Nada contra o lucro, tudo contra esconder esses números como se fosse coisa ilegal. Não é. Contudo, é no mínimo desconfortável, tendo em vista que as montadoras, em maior ou menor grau, estão alinhadas ao discurso da falta de competitividade brasileira, que torna difícil a vida por aqui, e que por isso precisaria ser compensada com generosos incentivos fiscais e financiamento público de investimentos. Os dividendos remetidos mostram que a vida no Brasil pode ser complicada, mas também pode ser altamente lucrativa.



CONCEITO ALOPRADO
É fato que existem problemas de competitividade. Por isso mesmo é surpreendente que, em ambiente tão adverso como pintam as montadoras, as remessas de lucros e dividendos tenham aumentado tanto.



Vale destacar que esses resultados foram conseguidos, em sua maioria, com a venda de carros que têm graus de sofisticação e conforto bastante inferiores em comparação com os modelos fabricados nos países de origem das empresas instaladas aqui, porque no Brasil o poder aquisitivo dos consumidores também é menor -- ainda que esteja em ascensão. Em tese, são produtos menos rentáveis, que -- para piorar -- no Brasil recebem uma das maiores cargas tributárias do mundo para competir com a margem de lucro.

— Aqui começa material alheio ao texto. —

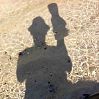 member's avatar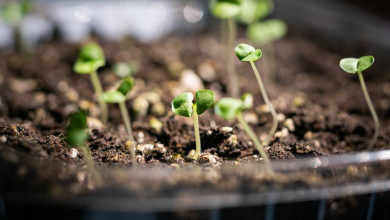 How to start seeds indoors https://organicgardeningeek.com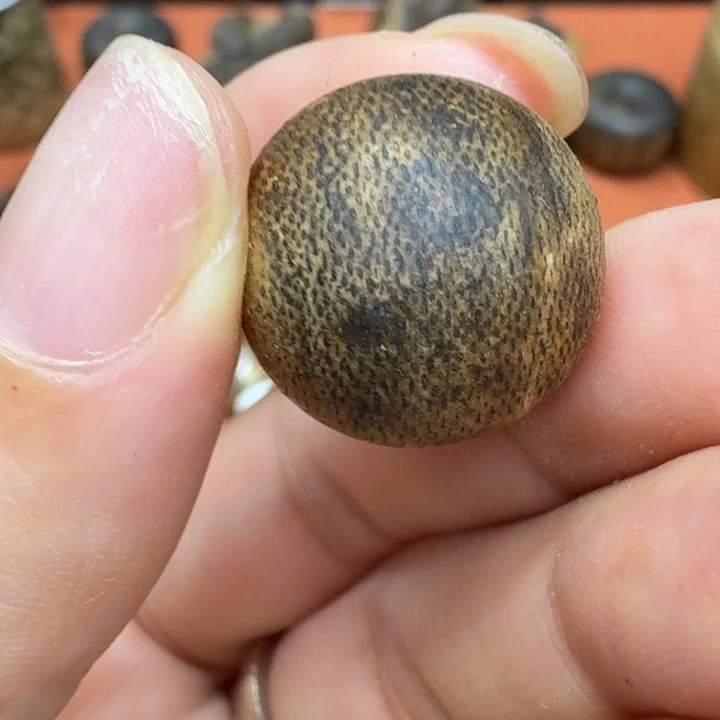 大叶紫檀（黑酸枝木类）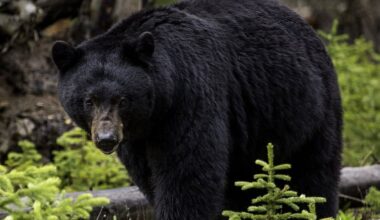 NC Wildlife Resources Commission warns residents of seasonal rise in black bear sightings
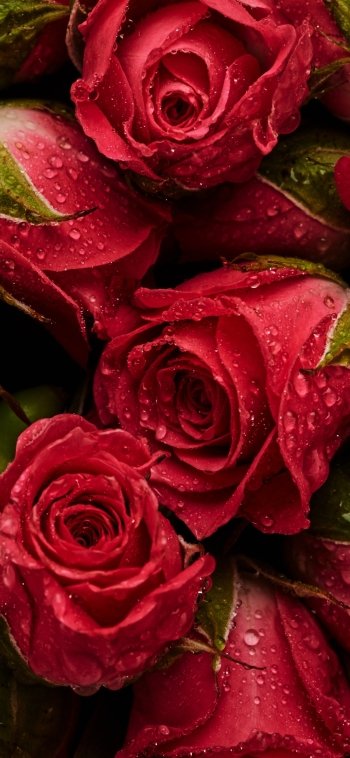 water drop pink flower flower nature rose Phone Wallpaper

Cabe ressaltar, também, que a produção das fábricas brasileiras de veículos avançou muito pouco em 2011, apenas 0,7% sobre 2010 -- ou seja, produziu-se quase o mesmo e, ainda assim, foi possível remeter muito mais lucro: US$ 1,5 bilhão a mais do que no exercício anterior.



Portanto, temos no Brasil um caso inusitado, digno de estudos acadêmicos ainda a serem feitos: fabricantes de veículos dizem enfrentar aqui custos altos de toda natureza, fazem produtos considerados de baixa rentabilidade, com alta incidência de impostos, a produção não avança -- e, ainda assim, remetem lucros bilionários às matrizes.

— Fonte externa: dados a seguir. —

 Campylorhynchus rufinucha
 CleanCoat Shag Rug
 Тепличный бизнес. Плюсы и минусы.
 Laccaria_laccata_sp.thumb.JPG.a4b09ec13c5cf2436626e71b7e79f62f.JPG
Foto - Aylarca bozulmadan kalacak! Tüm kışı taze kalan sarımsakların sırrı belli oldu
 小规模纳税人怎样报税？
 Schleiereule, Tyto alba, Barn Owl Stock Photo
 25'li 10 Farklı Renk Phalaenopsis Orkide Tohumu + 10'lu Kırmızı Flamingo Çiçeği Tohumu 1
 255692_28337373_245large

Além disso, ainda sobra algum para prometer investimentos combinados que já passam de US$ 26 bilhões nos próximos cinco anos, considerando somente os anúncios feitos até dezembro passado. Só lucros generosos -- e financiamentos públicos idem -- podem justificar a aplicação de tamanha fortuna para fazer no Brasil novos produtos e aumentar a capacidade de 18 fábricas de carros e nove de caminhões, além da construção de oito novas plantas de automóveis e seis de veículos comerciais pesados, elevando o número total de unidades de produção das atuais 24 para 38, com capacidade para fazer 6,5 milhões de unidades por ano a partir de 2015.

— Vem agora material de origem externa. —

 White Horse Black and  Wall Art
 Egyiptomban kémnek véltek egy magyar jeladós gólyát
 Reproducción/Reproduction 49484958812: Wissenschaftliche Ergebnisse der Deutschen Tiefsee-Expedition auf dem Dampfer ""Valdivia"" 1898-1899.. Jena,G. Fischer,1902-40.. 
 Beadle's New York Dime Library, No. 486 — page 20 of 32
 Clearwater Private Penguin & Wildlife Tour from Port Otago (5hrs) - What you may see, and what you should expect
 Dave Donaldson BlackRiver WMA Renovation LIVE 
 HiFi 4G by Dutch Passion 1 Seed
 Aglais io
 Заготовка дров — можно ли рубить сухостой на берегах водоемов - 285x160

Por mais aloprado que o conceito pareça, é preciso reconhecer que "Custo Brasil" e "Lucro Brasil" são como irmãos siameses: andam grudados, um puxando o outro, mas sempre na mesma direção: para cima, no preço dos carros, relativamente altos em relação ao que oferecem.



BOM EXEMPLO
O Brasil tem, sim, problemas de competitividade a enfrentar, mas por certo o lucro não está entre eles. Portanto, não há nenhuma justificativa para aumentá-los por meio das medidas de incentivo ao setor automotivo nacional (ou seria transnacional?), que estão em gestação no governo e podem ser anunciadas em fevereiro.



Muito pelo contrário: assim como o país deveria reduzir impostos sobre veículos, as montadoras deveriam dar o bom exemplo de diminuir lucros e incluir mais qualidade tecnológica nos modelos produzidos aqui.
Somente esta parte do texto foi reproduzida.